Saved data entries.
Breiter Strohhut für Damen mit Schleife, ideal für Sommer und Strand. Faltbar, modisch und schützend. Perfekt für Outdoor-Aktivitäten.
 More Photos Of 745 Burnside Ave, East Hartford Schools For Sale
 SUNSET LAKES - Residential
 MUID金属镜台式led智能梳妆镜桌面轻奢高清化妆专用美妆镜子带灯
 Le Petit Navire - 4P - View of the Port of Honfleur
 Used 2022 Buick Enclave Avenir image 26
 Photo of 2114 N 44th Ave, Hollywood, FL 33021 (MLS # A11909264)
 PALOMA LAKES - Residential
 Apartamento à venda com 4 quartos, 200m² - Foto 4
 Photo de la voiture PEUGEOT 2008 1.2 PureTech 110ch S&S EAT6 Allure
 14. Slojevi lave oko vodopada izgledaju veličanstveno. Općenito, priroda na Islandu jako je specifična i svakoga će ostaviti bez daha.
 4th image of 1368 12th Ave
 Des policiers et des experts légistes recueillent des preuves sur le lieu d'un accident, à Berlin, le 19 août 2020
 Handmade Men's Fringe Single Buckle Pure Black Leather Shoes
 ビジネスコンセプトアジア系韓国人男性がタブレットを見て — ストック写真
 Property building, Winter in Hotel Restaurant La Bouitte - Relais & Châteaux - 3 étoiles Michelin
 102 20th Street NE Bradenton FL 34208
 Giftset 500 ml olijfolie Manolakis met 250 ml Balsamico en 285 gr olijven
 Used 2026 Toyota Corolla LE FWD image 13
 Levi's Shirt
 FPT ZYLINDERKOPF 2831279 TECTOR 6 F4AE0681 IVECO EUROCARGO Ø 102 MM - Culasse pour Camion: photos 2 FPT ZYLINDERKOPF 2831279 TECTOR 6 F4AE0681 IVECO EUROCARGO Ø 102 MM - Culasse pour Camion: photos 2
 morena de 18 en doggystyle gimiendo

Work instructions. Reproduce precisely, and with no line left out, each line from the top of the entries through the line that carries "Apartamento à venda".

Completed task.
Breiter Strohhut für Damen mit Schleife, ideal für Sommer und Strand. Faltbar, modisch und schützend. Perfekt für Outdoor-Aktivitäten.
 More Photos Of 745 Burnside Ave, East Hartford Schools For Sale
 SUNSET LAKES - Residential
 MUID金属镜台式led智能梳妆镜桌面轻奢高清化妆专用美妆镜子带灯
 Le Petit Navire - 4P - View of the Port of Honfleur
 Used 2022 Buick Enclave Avenir image 26
 Photo of 2114 N 44th Ave, Hollywood, FL 33021 (MLS # A11909264)
 PALOMA LAKES - Residential
 Apartamento à venda com 4 quartos, 200m² - Foto 4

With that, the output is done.